The Hearach might have gone through 12 batches in a year, but they’ve all been considered. This aspect of time also manifests itself in this batch’s delivery. Not just by being a reflection of maturation, but in the way it moves in the mouth. It too seems to reflect the island’s pace. The way it thickens in the middle of the tongue, slow, soft almost oily. Yellow fruit syrups.
There’s more weight than in the first batches, it seems relaxed, more comfortable in its own skin. There’s a completeness to the experience, a cohesion to its parts.
This idea that a whisky reflects its location is an alluring one. It’s akin to blind tasting where the natural response is to think of what the answer is and then fit everything into that guess, even if it isn’t there. Smoke appears out of nowhere, sherry casks manifest themselves out of thin air.
We all know the key is keeping your mind blank and letting the whisky come to you, but we’re all lazy by nature. We call on memories and stories and pictures to influence our interpretation. Seeing things as they are runs counter to our way of interpreting the world.

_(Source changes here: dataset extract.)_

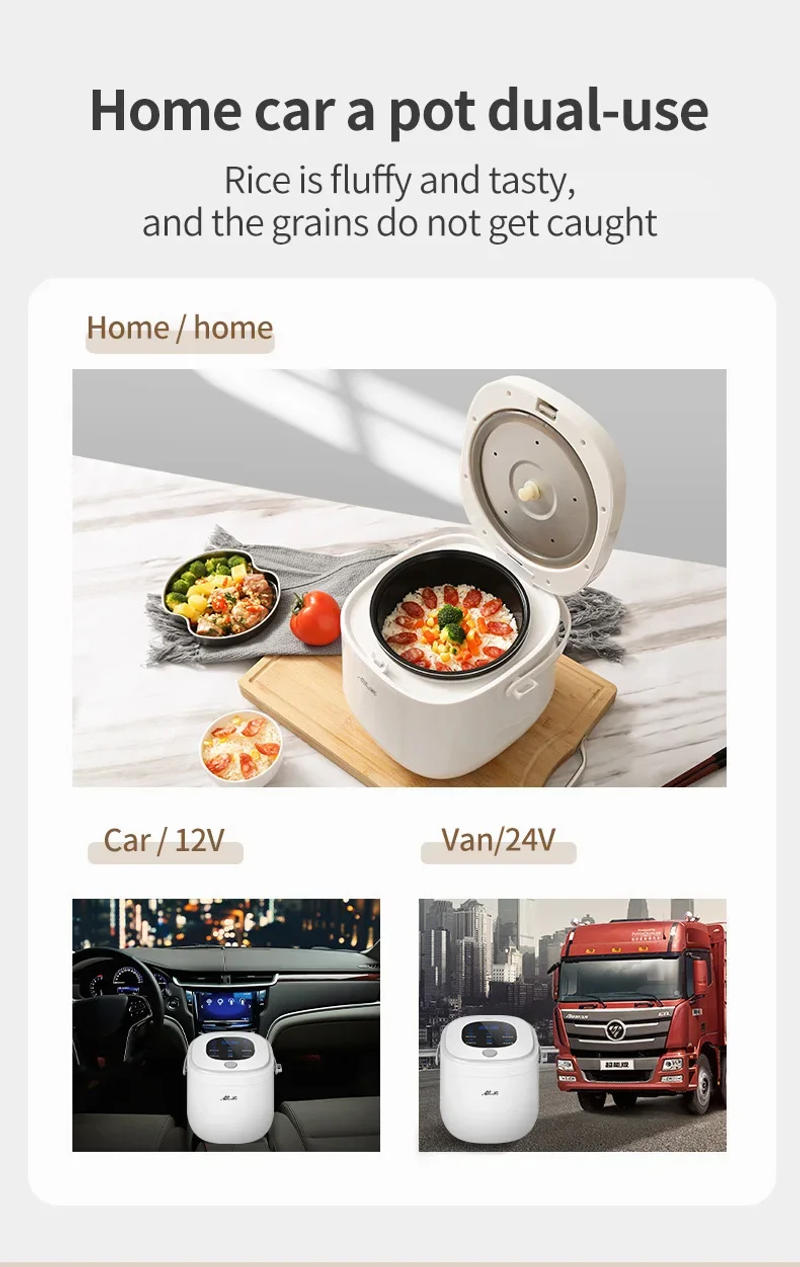 Description Picture 6 of item2L 12V 24V Mini Rice Cooker Electric Heating Lunch Box Portable Thermostat Food Steamer Multi Electric Cooker For Car Truck
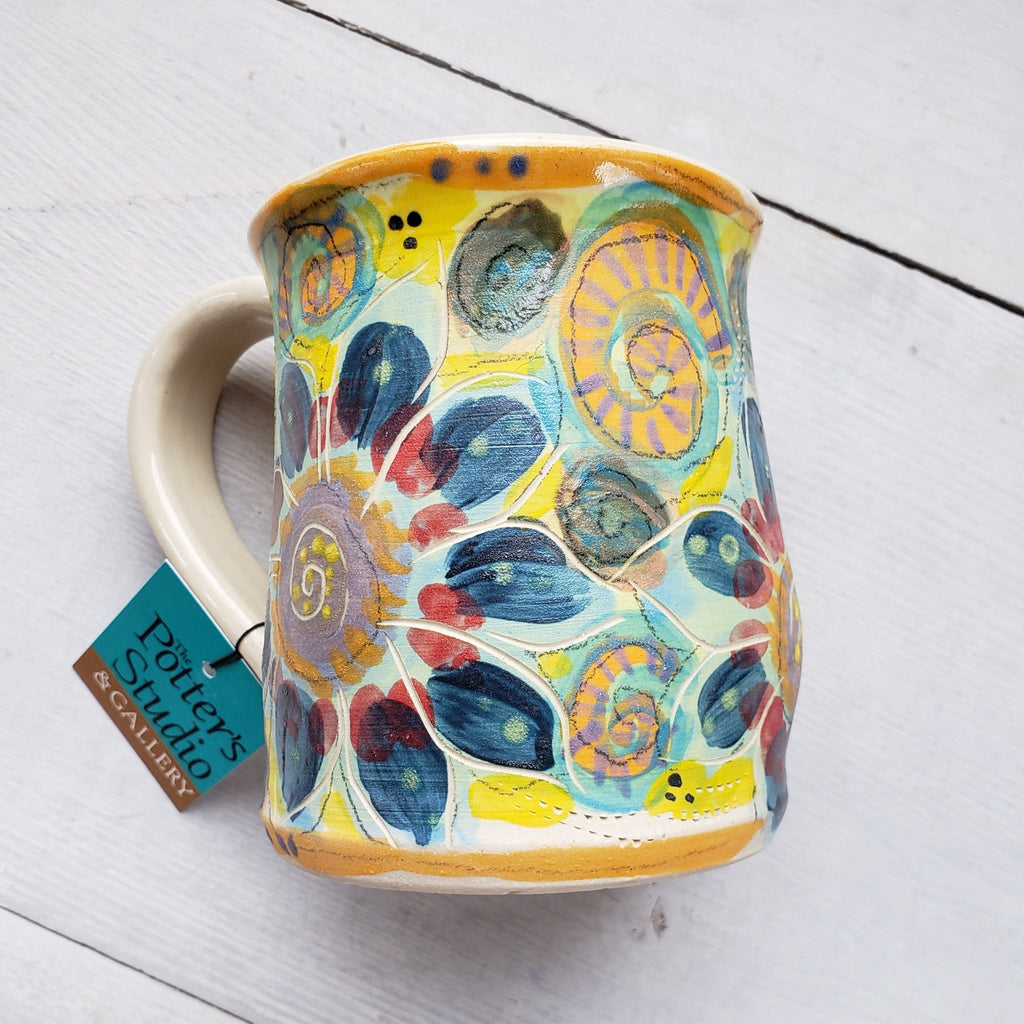 Mug # 11 - Hand Painted & Carved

You want The Hearach to be a distillation of that remarkable island, and no matter how hard I try to blank those pictures from my mind, I can’t. It’s what it is.
I can’t forget those days on its west coast where sunshine can make the beaches seem Caribbean (Harribean?) before rain sweeps in and turns the green turquoise and yellow, into purple and black and then, equally suddenly, back again.
There is that interplay in this glass, the brightness of the nose, the yellow fruits, the scent of machair, hot sand, a hint of almond. It’s there is the light smoke carried on a fresh sea breeze. The smoke in this batch seems more integrated, commenting, nudging, accenting. It’s an outdoor dram to be taken, ideally, while sheltering on the dunes beside a slow, lazy sea. It’s sweet yet with enough spice to tingle the end. It is Harris’ west coast.
When I was last there, the distillery’s storyteller Mike Donald took me for a drive and at one point we wondered whether you could do geological whiskies here. Harris has two sides, the fertile machair of the west and the knuckled gneiss of the east. The Hearach reflects the west – but what could a metamorphic whisky be like? That’s for another day maybe. What matters is that you try to get your hands on Batch 12… or given the apparent speed of sales Batch 13… This is a great dram which will stand the testings of time.
PS You may notice no scores or stars. If it’s reviewed, it’s good.